Global funds raise U.S. stock holdings to three-and-a-half-year high

LONDON – Global investors increased holdings of U.S. equities to their highest since May 2015 in September while reducing their exposure to emerging-market assets, where a majority believe the shake-out still has some way to go.

Reuters’ monthly asset allocation poll of 54 wealth managers and chief investment officers in Europe, the United States, Britain and Japan was carried out Sept. 17-28 as the S&P 500 .SPX and Dow Jones .DJI climbed to record peaks.

Asset managers boosted their exposure to U.S. stocks by 2 percentage points to 42.7 percent. They trimmed overall equity exposure to 48 percent of their global balanced portfolios.

Cedric Baron, head of multi asset at Generali Investments, was among those remaining overweight in U.S. equities because of attractive fundamentals. He cited economic growth — 4 percent in the second quarter — corporate earnings growth, sentiment indicators reaching high levels, and accommodative financing.

Investors were unperturbed about the political fallout from Special Counsel Robert Mueller’s investigation of Russian interference in the U.S. 2016 presidential elections, which turned up the heat on President Donald Trump in September.

In late, August Trump warned that the stockmarket would crash if he were impeached. But 88 percent of poll participants who answered a question on this did not expect the market to tumble. Several prefaced said they regarded the probability of impeachment as very low.

“Obviously, starting an impeachment process could lead to increased volatility and an initial stock market correction,” said Frank Haertel, head of asset allocation at Bank J Safra Sarasin. “However, a new president could also bring significant upside potential.”

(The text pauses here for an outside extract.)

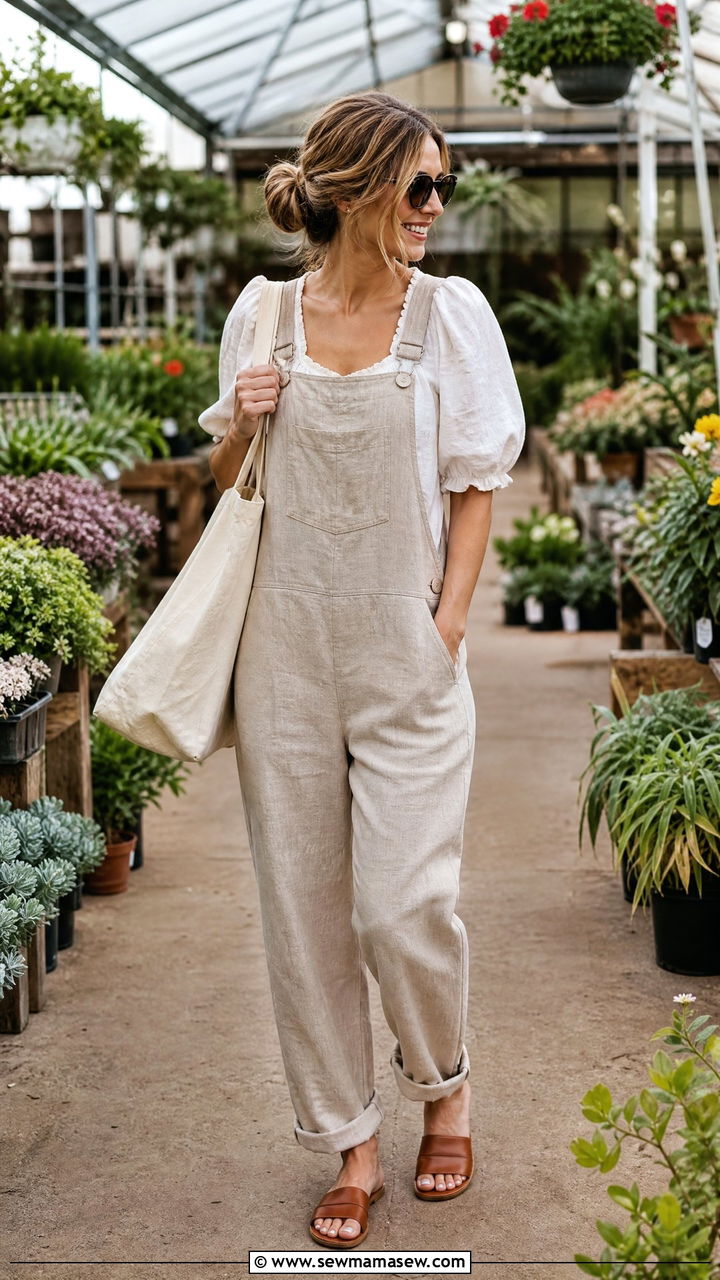Linen Overalls With Puff Sleeve Blouse - 30 Cottagecore summer outfits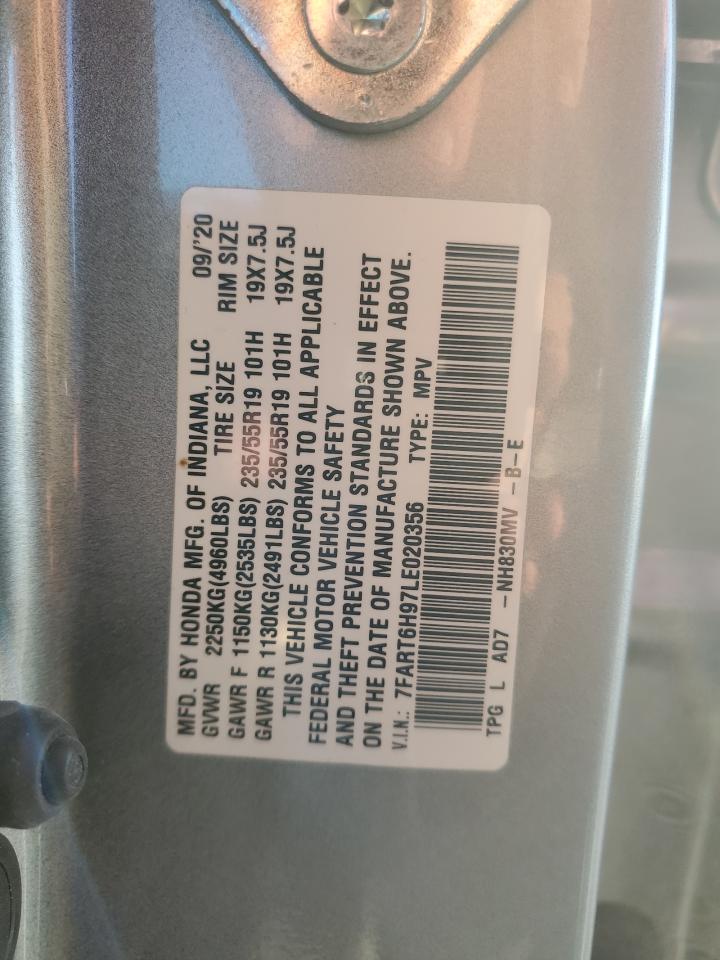 2020 Honda Cr-V Touring VIN: 7FART6H97LE020356 Lot: 90489135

Investors raised their European equity exposure by 1.5 percentage points to 19.5 percent, a four-month high. Pascal Blanque, group chief investment officer of Amundi, said the segment had not been in favor to the same extent as U.S. shares but had become more attractive as valuations got cheaper.

European equities look set to end the quarter up around 1.4 percent, compared with gains of over 7 percent for the S&P 500 and almost 9 percent for the Dow Jones.

TURBULENCE AHEAD

Conversely, emerging markets were regarded with caution. Equities were cut by half a percentage point to 10.5 percent, while emerging-market debt fell to 9.4 percent from August’s 10.2 percent.

The segment had another turbulent month with equities .MSCIEF hitting a 15-month low and currencies such as the Indian rupee INR= and Indonesian rupiah IDR= reaching record or multi-year lows.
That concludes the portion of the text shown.